L'addiction.

zoeylou

Mon amour, je t'écris pour te rassurer : le docteur m'a sauvé la vie.
Il m'a trouvé le teint fatigué, les doigts torturés. Mes ongles rongés, mes cernes incurvées, lui ont mis la puce à l'oreille. Il a pris des tours et des détours avant d'oser planter ses yeux bleus acier au fond des miens et de poser sa question. La question. Mon amour, on aurait dit qu'elle le brûlait. C'est drôle, si drôle, je ris en y repensant, pardon, tu ne vas plus rien comprendre si je ris tant et plus. Il m'a demandé si j'avais des problèmes. J'ai sourit, et pensé : il y aura un soupçon de lumière au fond de mon regard, ce soupçon suffira a balayer les siens. Mais non, il a été plus loin. Il croit que je suis une camée. Il n'osait pas s'avancer, mon amour. Il a proposé l'alcool, il a suggéré la drogue, s'est repris, a parlé d'un usage doux, envisagé, apeuré, un usage fort. Ca m'a fait mal, tu sais, mon amour. Il a mis le doigt sur ce qui me consume, sur le fait que je sois dépendante, une vraie addict. Ce qui m'a fait si mal, c'est que jamais il ne connaîtra l'objet de mes tourments. Tu sais, mon amour, j'aurais pu lui dire que non, je ne fume pas, ne bois pas à outrance, ne me drogue pas, que mon teint vieilli, mes cheveux abîmés d'avoir été trop souvent tirés par tes doigts emmêlés et mes tremblements viennent d'ailleurs, mais à quoi bon. J'ai hoché la tête, et j'ai dit oui, oui, oui.

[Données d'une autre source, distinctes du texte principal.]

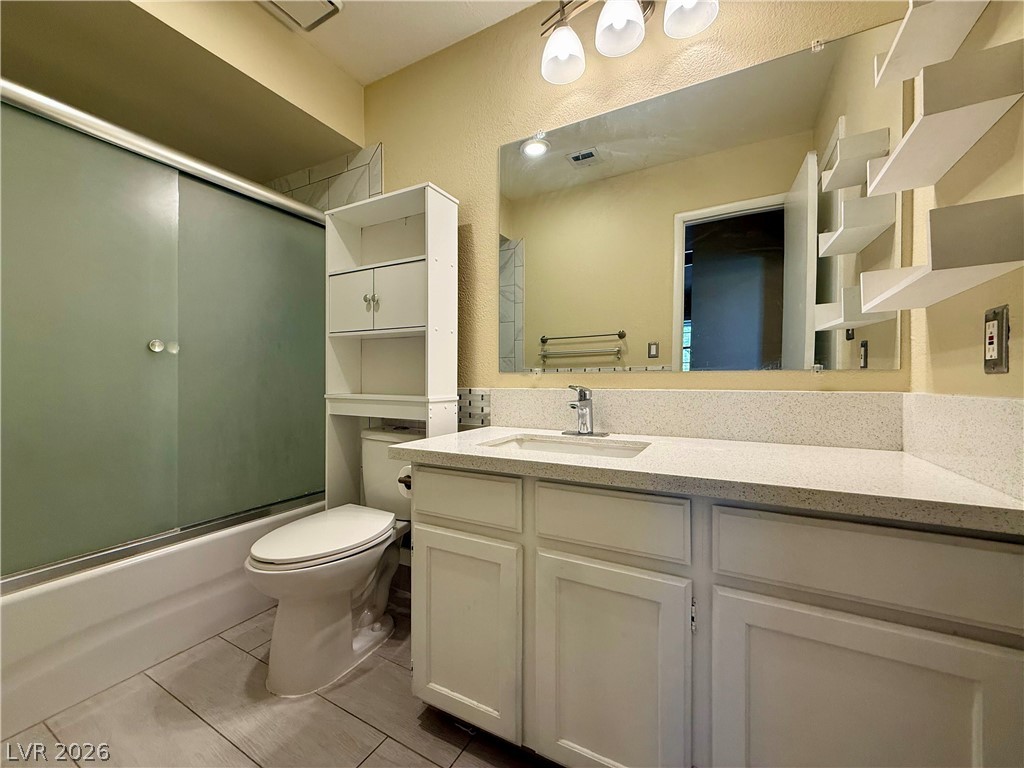 5923 Laredo Street Property Photo 36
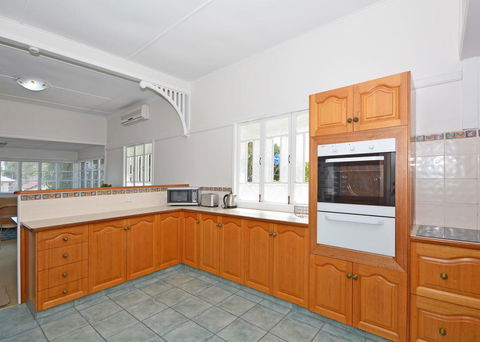 Ocean Breeze Hervey Bay - Sunshine Coast Tourism 1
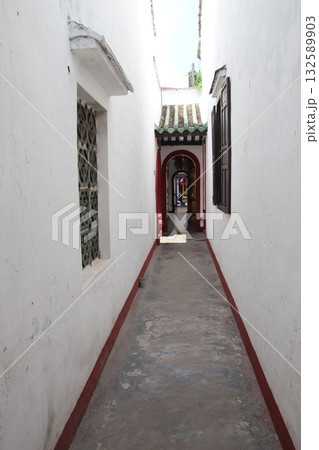 ベトナムホイアンの路地風景 ベトナムホイアンの路地風景 132589903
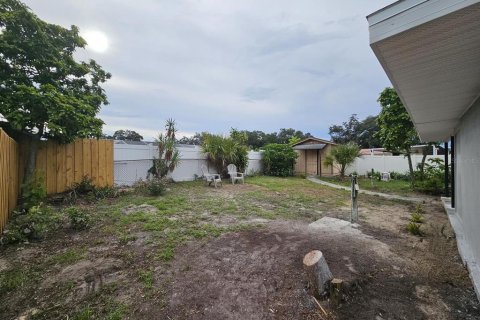 House in Tampa, Florida 4 bedrooms, 178.93 sq.m. № 1444799 - photo 23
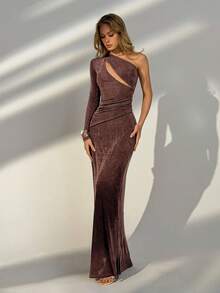Vestido maxi elegante de un solo hombro en color marrón - Corte en la parte delantera, detalle de fruncido en la cintura, ideal para invitada de boda, vacaciones en la playa, primavera y verano sencillo y graduación - Marrón - Ver 8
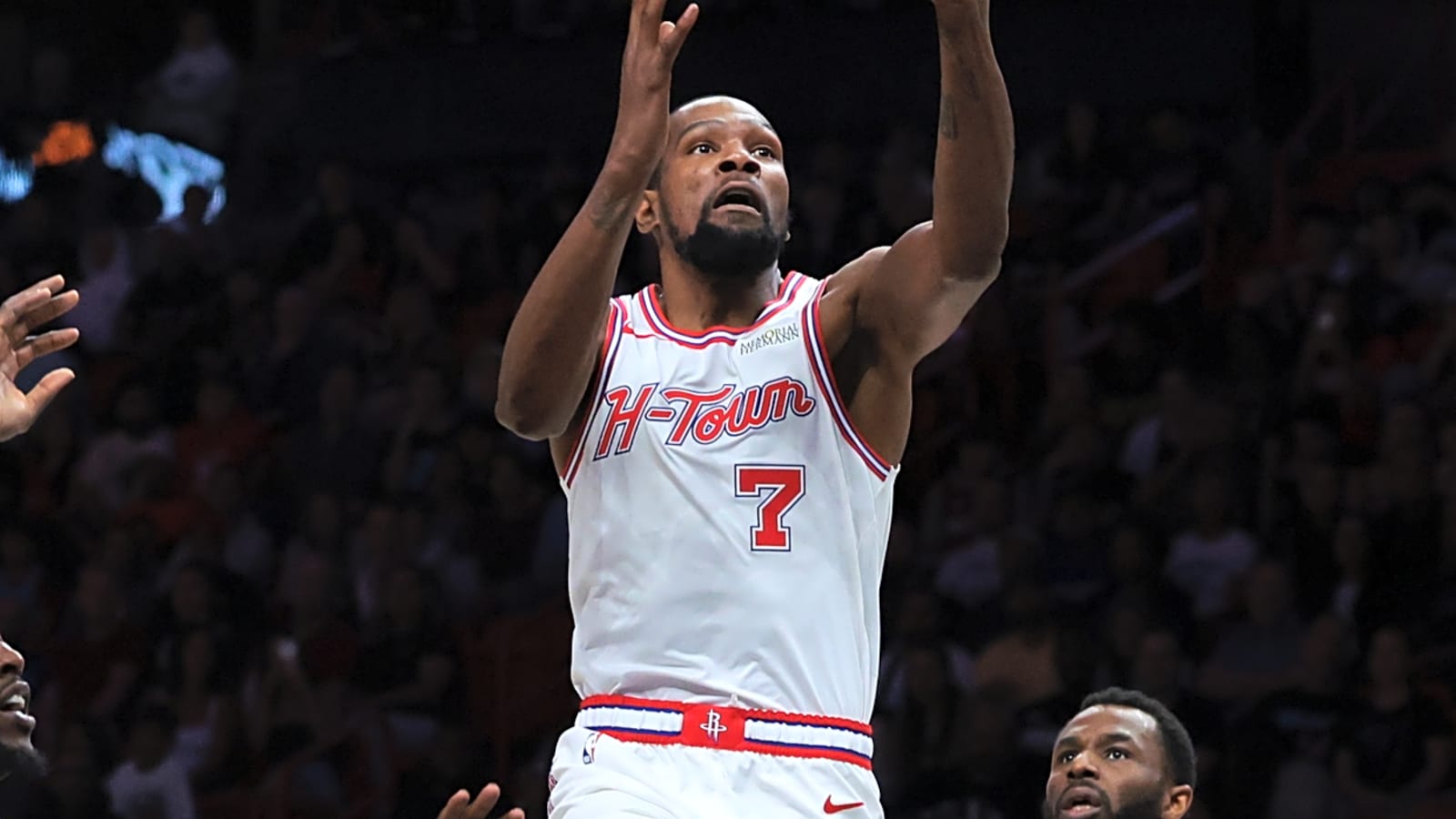 Kevin Durant climbs all-time list with another 30-point game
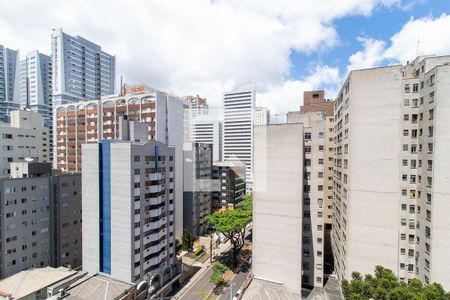 Vista da Sala de kitnet/studio para alugar com 1 quarto, 30m² em Centro, Curitiba
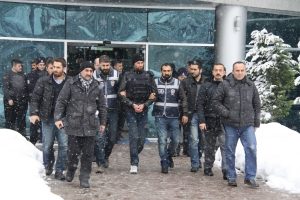 Bursa'da restoran sahibinin aracının taranmasıyla ilgili tutuklanan sanıklar hakim karşısında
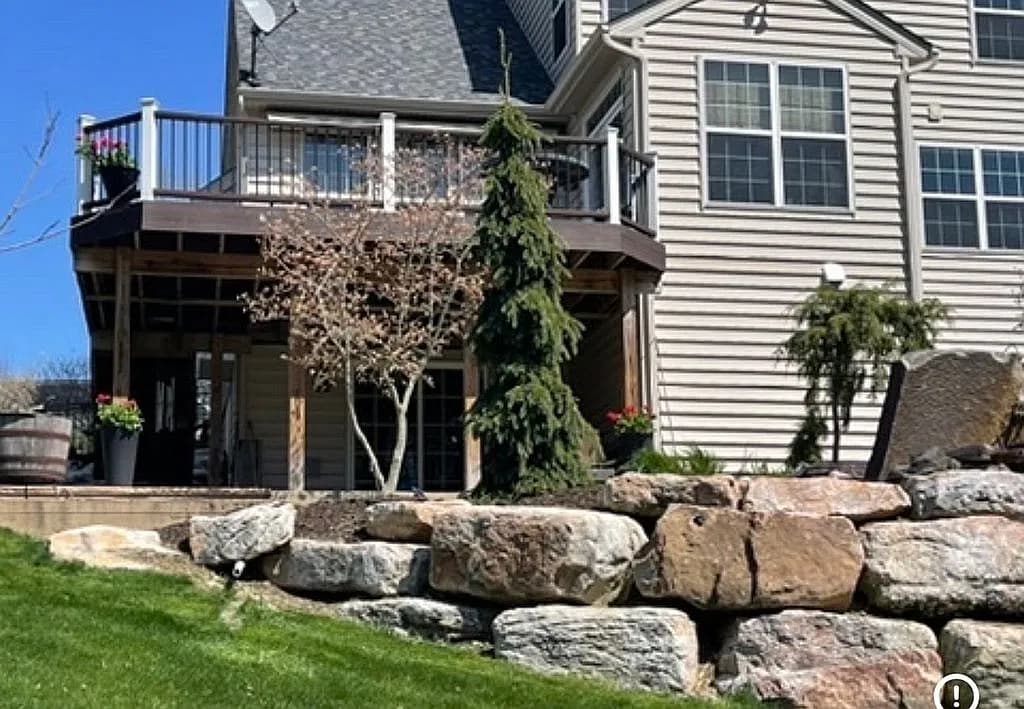 9648 Crescent Ln — exterior photo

C'était terriblement libérateur, la douleur qui m'a prise été salvatrice.
Les convulsions ont commencé, les larmes ont roulé, mais je riais toujours. Et si, prétextant une addictions réprimée, on me débarrassait enfin d'une passion jalousée de tous ? Après tout.. Je suis malade, mon amour. Il faut que l'on me soigne. Je craignais qu'ils ne découvrent le pot aux roses, en signant ce papier qui permet mon internement dans ce centre de désintox'. Comment pourraient-ils ne pas remarquer que mon organisme est sain, que c'est ailleurs que tout débloque, ailleurs que le manque me bouffe, me creuse le corps, le cœur et l'âme, si l'on en a vraiment une. Je me suis affolée pour rien, mon amour. Ma voisine de chambre, explosée par trop d'héroïne et de cachets est presque plus jolie à regarder que moi. J'ai cru devoir mimer son martyr, affiner mon don de comédienne, mais non. Etre loin de toi a suffi. Mon corps s'est tordu, contracté, je me suis arraché les ongles et des poignées de cheveux, j'ai hurlé qu'on me prenne, qu'on me baise, qu'on me déchire le corps, j'ai supplié qu'on me relâche, j'ai déversé mon manque de toi. Je n'ai rien surjoué, le naturel a suffi. Tu sais, mon amour, le manque physique est d'une violence inouïe, mais il ne dure pas si longtemps. 5 jours ont suffi pour laver mon organisme de toi. Je t'ai vomi, je t'ai chié, de chaque parcelle de mon corps il a fallu t'extraire, j'ai cru en crever cent fois. Mais je suis là, je me tiens, faible, mais éveillée, devant cette lettre que je t'adresse. Mon corps va mieux, même s'il est à reconstruire. Il me reste à soigner mon accoutumance à tes mots, mon assuétude à tes désirs. Mon corps est encore un toxico, et je crois qu'un jour, j'irai aux alcooliques anonymes, fêter chaque jour passé sans toi. Il n'y aura que moi pour savoir que derrière la sentence habituelle : « je n'ai pas touché une goutte d'alcool depuis trois mois, deux semaines et un jour » se cache une autre déviance.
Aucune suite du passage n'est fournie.